America, América
A Bold New History Highlights Latin America’s Humanist Ideals
A new book by the Pulitzer Prize-winning historian Greg Grandin offers a fresh account of the region as an incubator of internationalism and commitment to the common good.
“Grandin allows that the conquistadors were responsible for enormous bloodshed. But he goes on to say that it is precisely because of the vicious havoc they wreaked that they elicited outrage and dissent. He offers a rich, moving portrait of Father Bartolomé de Las Casas, a 16th-century Dominican priest who started out as a supporter and beneficiary of the Spanish crown’s imperial ambitions before becoming one of its most scathing critics. Las Casas’ conversion moment took place when he accompanied an expedition to pacify Cuba. He saw his fellow Spaniards disemboweling women and children. He would later remember “the land, covered in bodies.”
Las Casas wrote as a witness to atrocity: “so many massacres, so many burnings, so many bereavements and, finally, such an ocean of evil.” The Spanish empire had its prominent apologists, like Juan Ginés de Sepúlveda, who deemed Indigenous people deserving of subjugation.
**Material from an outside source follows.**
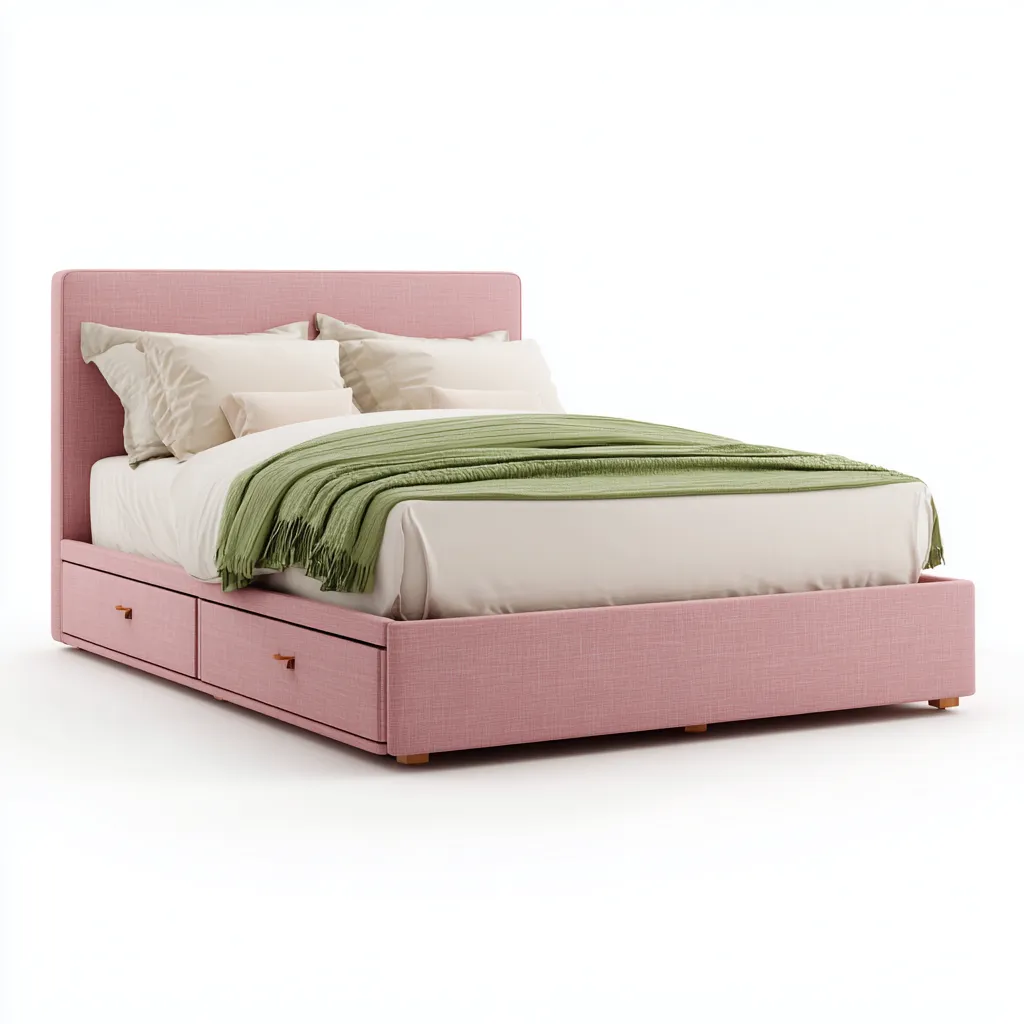 Lit 2 places tissu 200x180x95 cm - rose - pour chambre - style moderne - avec rangements-Nicheoliq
But Grandin says that we don’t pay nearly enough attention to “moral revolutionaries,” like Las Casas, who acknowledged that “Native Americans were humans, all humans were equal and no one was born a ‘natural slave.’”
Even as scholars in other parts of the world were elaborating a “new humanism,” Grandin says, Las Casas went one step further by hitching it to “the Catholic Church’s prophetic, communitarian tradition.” The resulting philosophy balanced individual rights with “the needs of the common good” — something Latin Americans have repeatedly tried to remind their northern neighbors of, even when the United States did not necessarily want to listen.
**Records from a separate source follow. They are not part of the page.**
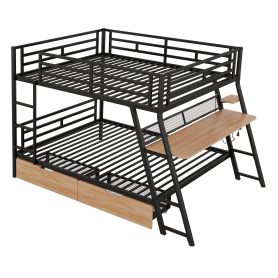 Full Size Metal Bunk Bed with Built-in Desk, Light and 2 Drawers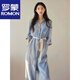 罗蒙（ROMON）简约通勤2025年夏季新款宽松显瘦撞色百搭系带卷边袖衬衫连体裤女 蓝色连体裤 S 80-95斤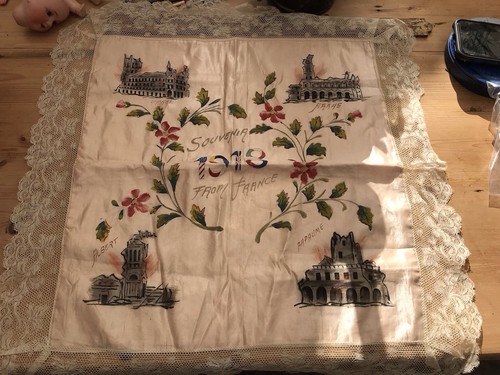 Antique ww1 silk cushion cover - silk,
The rest of “America, América” follows this theme through the ensuing centuries, amid revolutions, civil wars and struggles for independence. Grandin explains how the Spanish Americans were so eager to give “Saxon” Americans the benefit of the doubt that they initially read the Monroe Doctrine of 1823 as confirmation of a collective struggle against European imperialism. But the United States would go on to cite the doctrine as “a self-issued warrant to intervene against its southern neighbors,” from the annexation of Texas through the end of the Cold War. “All told,” Grandin writes, “Washington had a hand in 16 regime changes between 1961 and 1969.”